関東インカレコラム「線路は続く、現実まで」

この度コラムを執筆させていただきました、高崎市立高崎経済大学附属高校出身、混成ブロック所属の新野恵です。コラムなど自伝的なことを書く経験はめったに無いので、光栄に思っています。。こんな人間もいるのだなと思いながら拙い文章ですが、読んでもらえると幸いです。

「来年は選手として競技場内に立とう」

1年生の10月、投擲補助員として、相模原ギオンスタジアムのフィールドにいました。実績も記録ももっていない私には無縁の世界だと思っていたため、不思議な感覚だったことを今でも覚えています。無観客かつ声を出すことができない環境下においても、独特の緊張感と熱気をすぐ近くで感じました。無縁の世界に放り込まれたことで幻想から希望へと変化しました。帰り道、同期と話しながら共通認識が生まれたように感じました。当時の記録は標準記録と雲泥の差。希望を現実にするための練習がスタートしました。

2年生、共通認識をもった同期は早々に標準をきりました。しかし、私は死に物狂いで何度記録会に出ても突破できませんでした。同期は中身がある努力をしていましたが、私は惰性で練習していたため、成果は全くありませんでした。それに気づいてからは必死でした。そして、背水の陣で標準記録を突破することができました。約半年越しの相模原、景色は鮮やかなでしたが、砲丸投の前に吐くくらい緊張をしていたので、正直記憶はありません。

1年後、何度も経験してきたはずの標準切りの大会への応援を拒むようになりました。

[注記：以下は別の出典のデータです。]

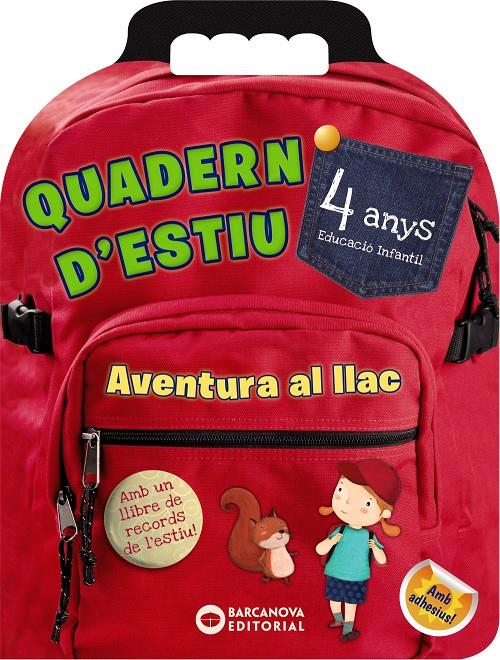 QUADERN D'ESTIU 4 ANYS. AVENTURA AL LLAC  | 9788448944803 | RIERA, ESTER | Llibreria Ombra | Llibreria online de Rubí, Barcelona | Comprar llibres en català i castellà online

日々悪化する腰痛、再発した左膝の痛み、かばうことで痛めた右足首。部員への妬ましい感情は微塵も無く、記録が出るのは素直に嬉しかったです。その反面、部員の競技と向き合う真剣な姿から、自分自身の練習不足、精神面の弱さなどの愚かさが露呈してしまうことを恐れていました。幾度となく醜い所をひけらかしているにも関わらず、何を言ってんだと思いますが、その時は何かを守ることに必死でした。

そして迎えた初戦。国立から見えた景色は暗かったです。見たかったもの、見たくなかったもの、見ざるをえなかったものが複雑に混ざっていました。入賞、決勝進出、ベスト更新など様々な吉報で喜びに満ち溢れる半面、今までの経過から自分自身の全てに絶望しました。そして、再び無縁の世界と感じるようになりました。

4年生になった今、無縁の世界を通過点と捉えるようになりました。上記の通り、私の人間性、競技力の低さなどから見たら本来今も、無縁の世界のままです。また脱線したままです。しかし、多くの方々の応援や支えがあったからこそ、レールを再構築し、成長するための通過点へと変化しました。私にとって無縁の世界はまだ多くあります。それを現実のものとするために重要な所に位置づけています。そこを通るからには見てくださった方々に勇気や感動、支えてくださった方々に感謝の気持ちが伝わるように、相模原で見たい景色を見られるように7種目楽しみながら戦っていきます。